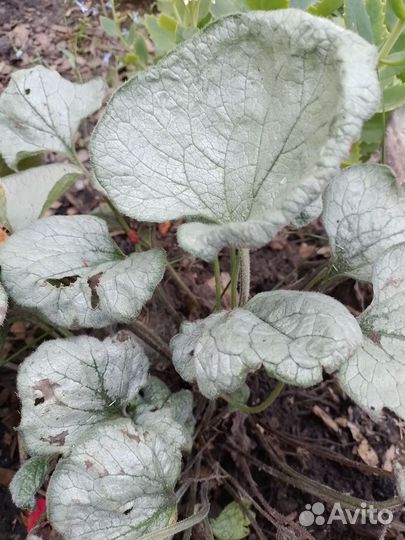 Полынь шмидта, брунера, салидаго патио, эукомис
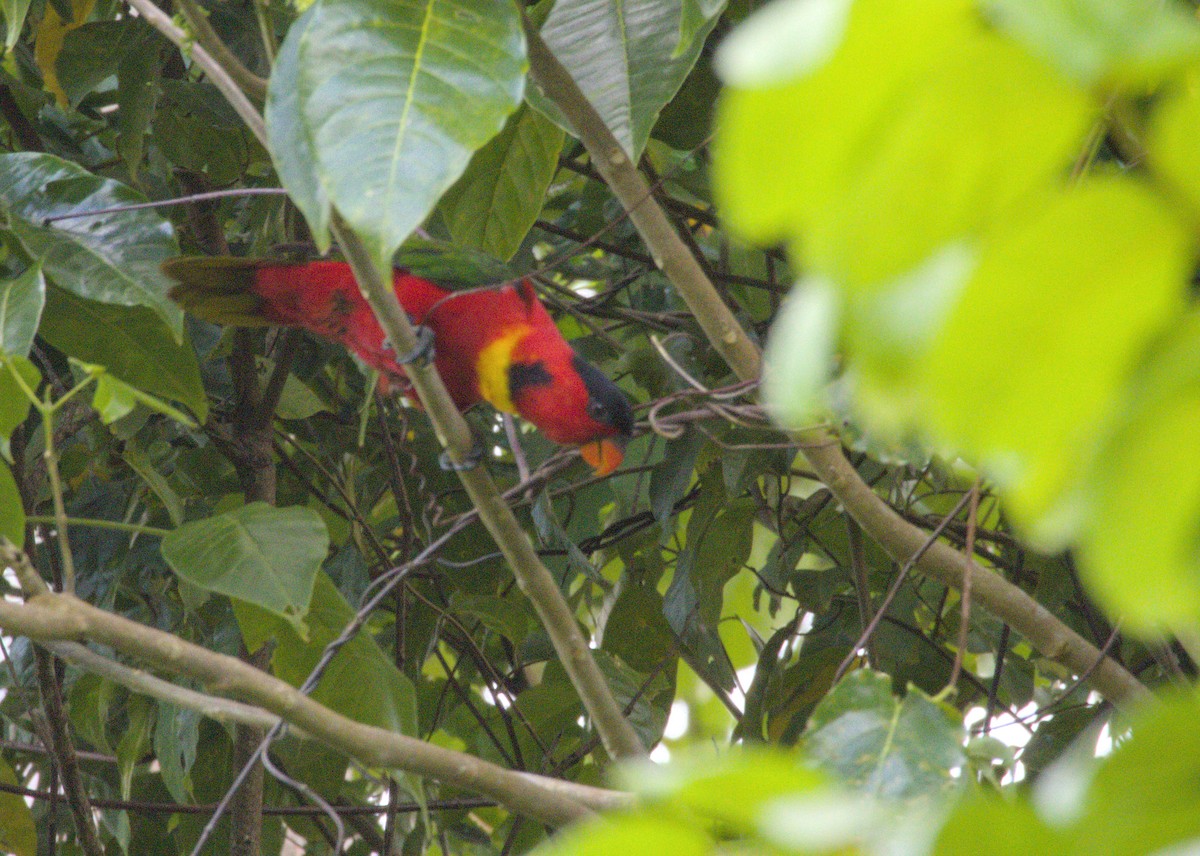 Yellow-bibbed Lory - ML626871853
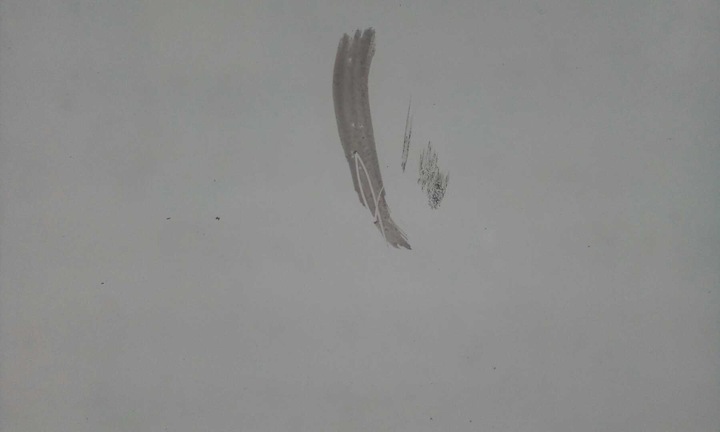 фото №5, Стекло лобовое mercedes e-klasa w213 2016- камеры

--

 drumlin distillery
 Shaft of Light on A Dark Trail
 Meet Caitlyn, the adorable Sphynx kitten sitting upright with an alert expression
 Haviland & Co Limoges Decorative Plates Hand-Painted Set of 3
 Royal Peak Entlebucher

---

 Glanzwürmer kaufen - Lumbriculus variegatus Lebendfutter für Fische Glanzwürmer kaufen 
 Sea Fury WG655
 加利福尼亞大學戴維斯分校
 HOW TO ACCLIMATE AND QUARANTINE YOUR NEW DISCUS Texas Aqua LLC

▶ [WHAT YOU WILL DO]:
Your task is to copy only the lines above starting at the one containing "Yellow-bibbed Lory - ML626871853" and ending at the one containing "фото №5, Стекло". Copy them exactly, both ends included, and omit the pictures.

▶ [REPLY]:
 Yellow-bibbed Lory - ML626871853
 фото №5, Стекло лобовое mercedes e-klasa w213 2016- камеры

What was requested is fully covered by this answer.